Position title: PROFESSOR

Email: dtevans2@wisc.edu

Phone: (608) 265-1485

Address:
Room 126
585 Science Dr
Madison, WI 53711

Professor of Pathology and Laboratory Medicine

Areas of investigation in Dr. David Evans’ laboratory include lentiviral resistance to tetherin (BST-2 or CD317),  the role of viral peptides in modulating natural killer (NK) cell activation through KIR-MHC class I interactions, and mechanisms of HIV-1 resistance to antibody-dependent cell-mediated cytotoxicity (ADCC). Tetherin is an interferon-inducible transmembrane protein that inhibits the detachment of enveloped viruses from infected cells. They found that Vpu protects HIV-1 infected cells from ADCC as a function of its ability to counteract tetherin (Arias et al. PNAS. 2015. PMID: 24733916).
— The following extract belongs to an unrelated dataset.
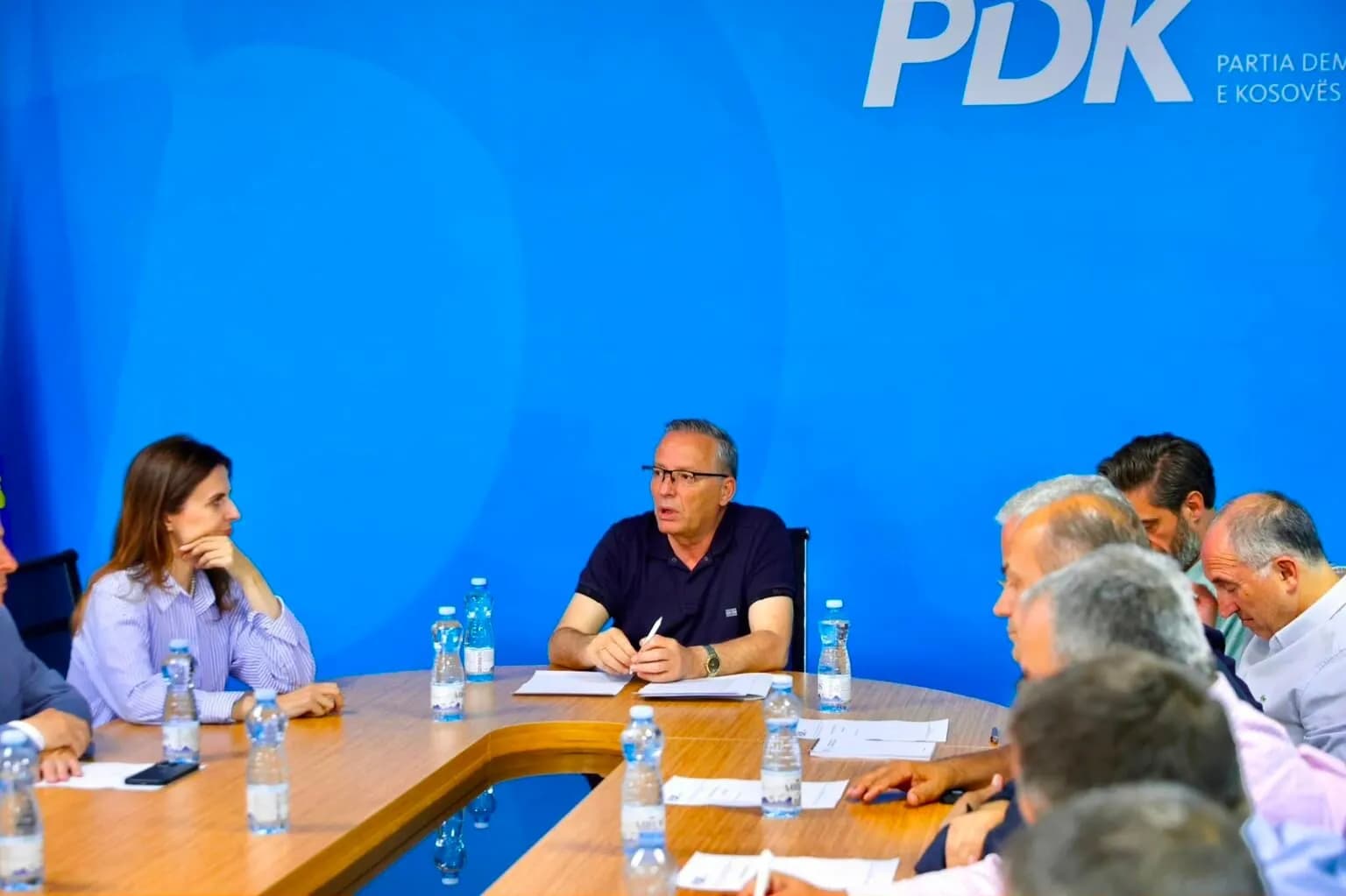 Hamza mbledh deputetët e PDK-së: Kosova ka nevojë për institucione, jo për një pushtet që zvarrit proceset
These results imply that tetherin serves as a link between innate and adaptive immunity to enhance the susceptibility of virus-infected cells to antibodies, suggesting that the antiviral activity of tetherin in vivo may be much greater than previously appreciated based on its ability to inhibit virus release in cell culture assays. They also identified peptides of SIV and HIV-1 that suppress NK cell responses by stabilizing the binding of common MHC class I molecules to inhibitory KIRs, revealing a mechanism by which immunodeficiency viruses may evade NK cell responses (Schafer et al. PLoS Pathog. 2015. PMID: 26333068; van Teijlingen et al. AIDS. 2014. PMID: 24785948; Hölzemer et al. PLoS Med. 2015. PMID: 26575988). As part of his thesis research in Dr. Evans’ laboratory, Benjamin von Bredow demonstrated a correlation between the ability of HIV-1 Env-specific antibodies to kill virus-infected cells by ADCC and to neutralize virus infectivity, indicating that the same structural features of the Env trimer that confer resistance to neutralization also protect virus-infected cells from elimination by antibodies (von Bredow et al. J. Virol. 2016. PMID: 27122574). Dr. von Bredow is currently a postdoctoral trainee in clinical microbiology at Pennsylvania State College of Medicine, Hershey, PA. Dr. Evans’ group collaborates with Drs. D. O’Connor, S. O’Connor, Friedrich and Reynolds (Schafer et al. J. Immunol. 2014. PMID: 24453246; Arias et al. J. Virol. 2016. PMID: 27654287; Ries et al. PLoS Pathog. 2017. PMID: 28708886; Banerjee et al. J. Immunol. 2018. In press). Dr. Evan’s lab is supported by an R01 for which he is PI, an R33, the Primate Center P51, and a grant from the Dana Farber Cancer Institute/Gilead Sciences.